L’autorité précédente, après avoir considéré que la preuve en question avait été obtenue de manière illicite, a examiné si celle-ci pouvait néanmoins être exploitée. Elle a notamment procédé à une pesée des intérêts telle que celle commandée par la jurisprudence, en concluant à l’existence d’un intérêt prépondérant concernant l’exploitabilité de la preuve litigieuse. Par ailleurs, la cour cantonale a indiqué que si le ministère public « avait eu des soupçons s’agissant de la commission d’abus d’autorité par [le recourant] à l’époque des faits, il aurait été en droit d’ordonner la mise en place d’une mesure technique sous la forme d’une vidéosurveillance des salles d’interrogatoires et obtenir ainsi les images litigieuses », ajoutant que l’abus d’autorité figurait dans la liste des infractions pouvant donner lieu à de telles mesures.
Le raisonnement de l’autorité précédente méconnaît les exigences de la jurisprudence. L’une des conditions présidant à l’exploitabilité d’une preuve recueillie de manière illicite est que les autorités pénales, si elles avaient été impliquées, auraient pu – au regard de la loi – obtenir la preuve litigieuse.
Comme l’a signalé la cour cantonale, une mesure technique de surveillance permet notamment d’observer ou d’enregistrer des actions se déroulant dans des lieux qui ne sont pas publics ou qui ne sont pas librement accessibles (cf. art. 280 let. b CPP). L’utilisation de dispositifs techniques de surveillance est régie par les art. 269 à 279 CPP (cf. art. 281 al. 4 CPP). L’infraction d’abus d’autorité figure bien dans la liste de celles pouvant donner lieu à une surveillance (cf. art. 269 al. 2 let. a CPP). Encore faut-il, conformément à l’art. 269 al. 1 let. a CPP, que de graves soupçons eussent laissé présumer qu’une telle infraction eût été commise.
A cet égard, il n’est certes pas nécessaire que les autorités pénales eussent effectivement eu connaissance des faits fondant les graves soupçons propres à justifier une surveillance. Il est en revanche impératif que de tels soupçons eussent existé (cf. arrêts 6B_739/2018 du 12 avril 2019 consid. 1.4; 6B_911/2017 du 27 avril 2018 consid. 1.2.2; 6B_1310/2015 du 17 janvier 2017 consid. 6; 6B_786/2015 du 8 février 2016 consid. 1.3.1; 6B_983/2013 et 6B_995/2013 du 24 février 2014 consid. 3.3.1; 1B_22/2012 du 11 mai 2012 consid. 2.2).
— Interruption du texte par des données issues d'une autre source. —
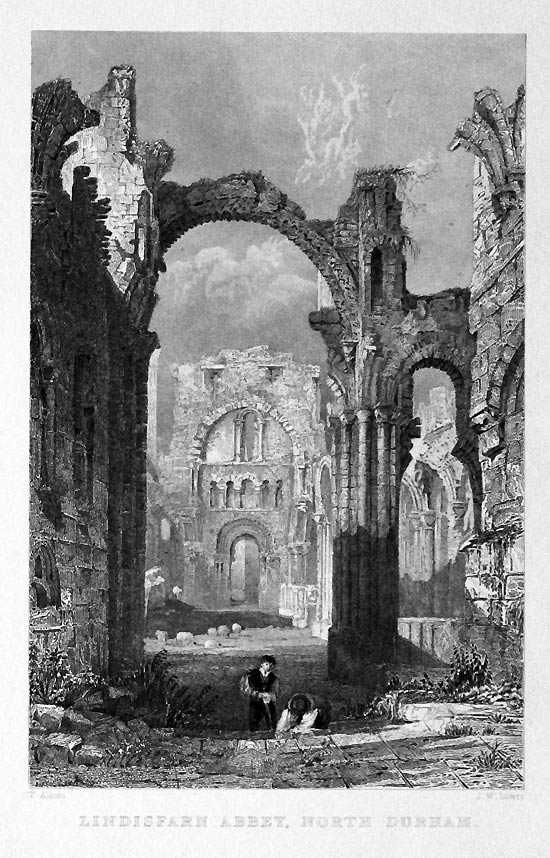 Lindisfarne Abbey  Lindisfarne Abbey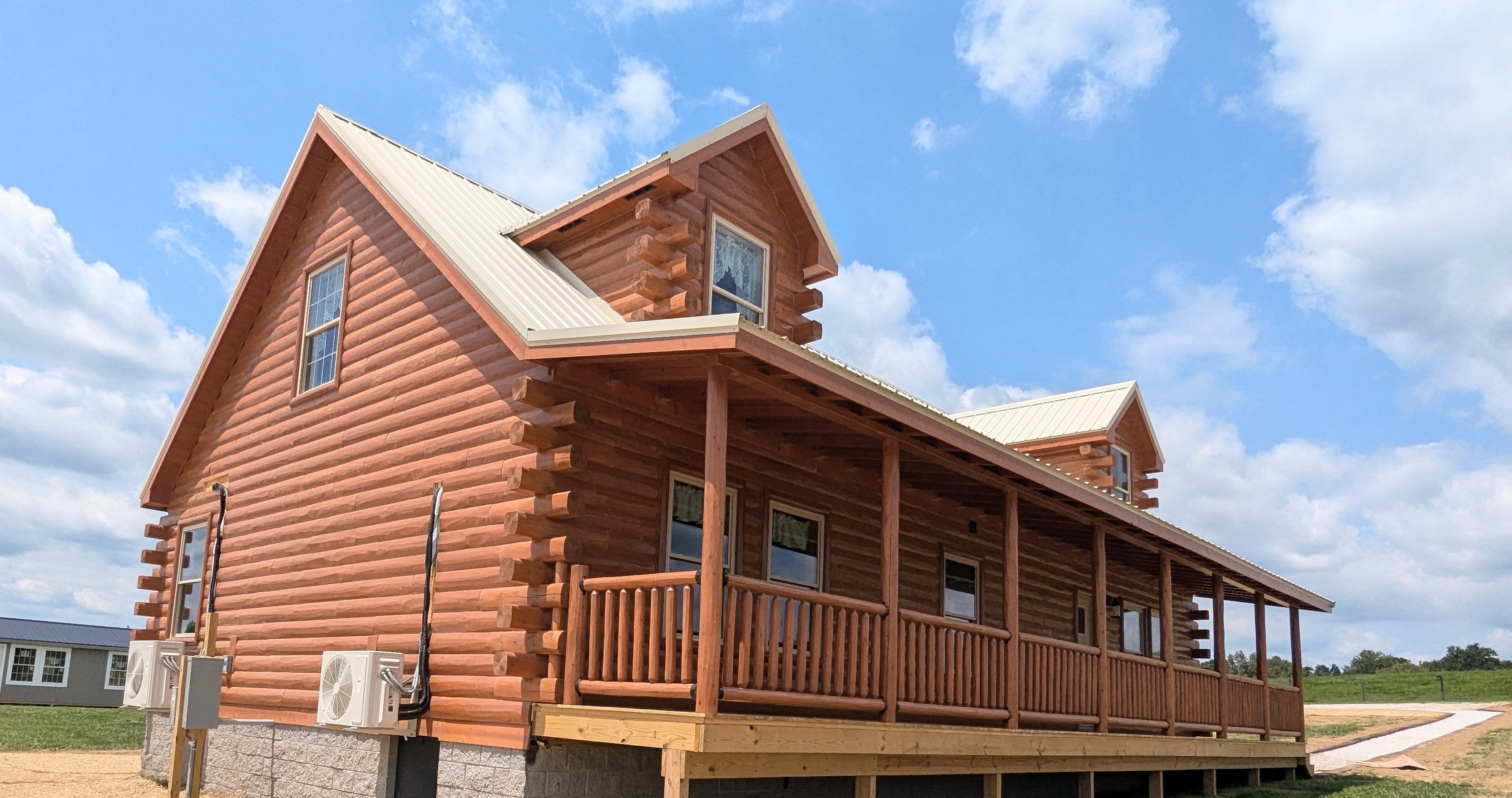 The Gatlinburg Lodge Cabin - ( WEST VIRGINIA PRICING ) – House Kits ...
Or, il ne ressort nullement de l’arrêt attaqué que, à l’époque où l’enregistrement vidéo du recourant a été réalisé, ce dernier aurait pu être soupçonné d’avoir commis une quelconque infraction, ni d’ailleurs qu’il aurait existé à son encontre le moindre soupçon. On ne voit donc pas sur quelle base le ministère public aurait pu, à l’époque des faits, mettre en place une mesure de surveillance à l’encontre du recourant. Il s’ensuit que le moyen de preuve litigieux n’aurait pas pu être obtenu licitement par les autorités pénales. L’une des deux conditions cumulatives pour l’exploitabilité de la preuve n’étant pas remplie, point n’est besoin d’examiner si la réalisation de la seconde condition pouvait être admise.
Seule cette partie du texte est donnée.